**DATASET EXTRACT:**
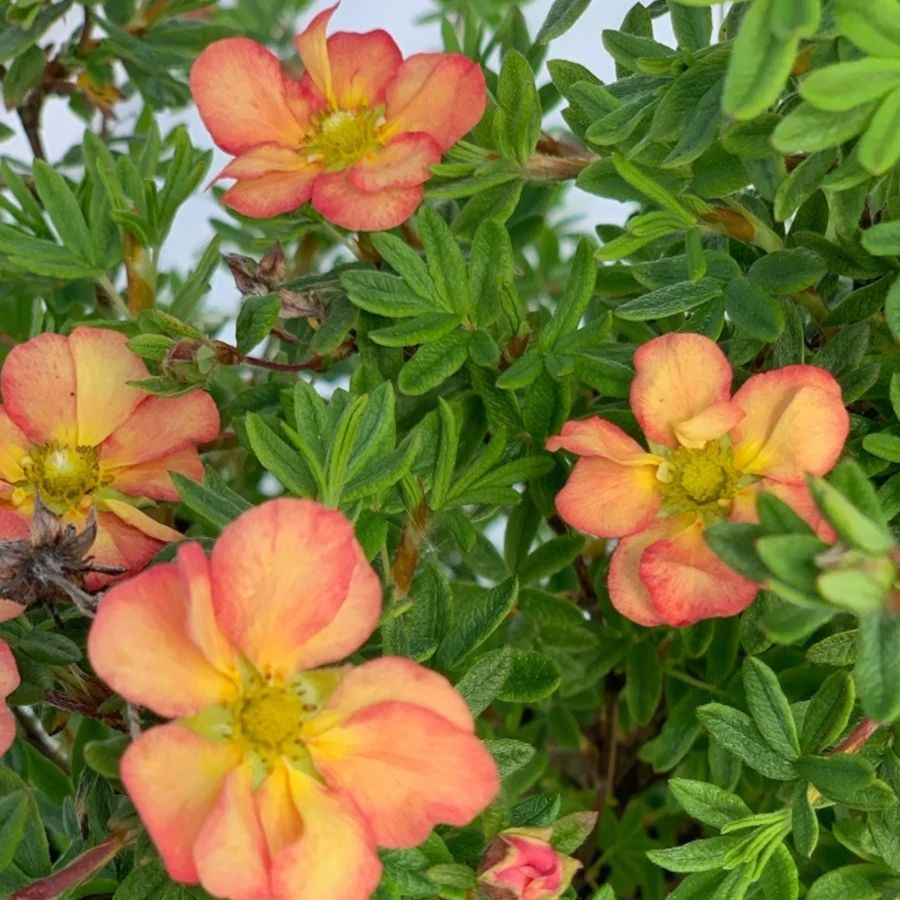 Лапчатка кустарниковая Белла Эппл, С2 - Dolina-Sad.Ru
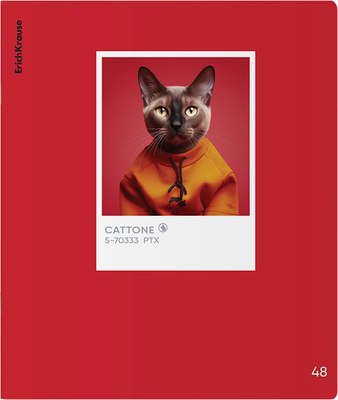 Тетрадь Erich Krause CatTone / 63308 (48л. клетка) - 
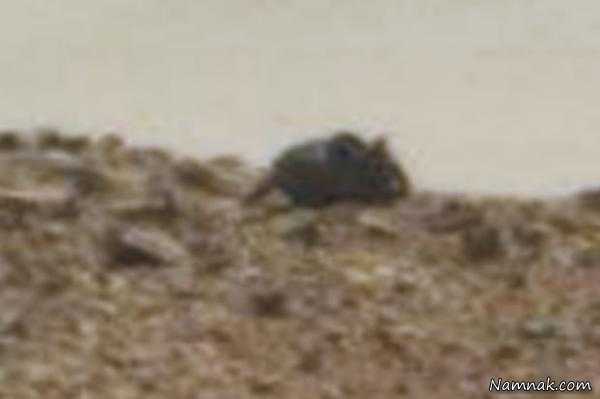 کشف موش عظیم الجثه در کره مریخ! + تصاویر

**BRIEF:** When you copy the listing, keep every line exactly as it is but leave out all images.

**RESULT:**
 Лапчатка кустарниковая Белла Эппл, С2 - Dolina-Sad.Ru
 Тетрадь Erich Krause CatTone / 63308 (48л. клетка) - 
 کشف موش عظیم الجثه در کره مریخ! + تصاویر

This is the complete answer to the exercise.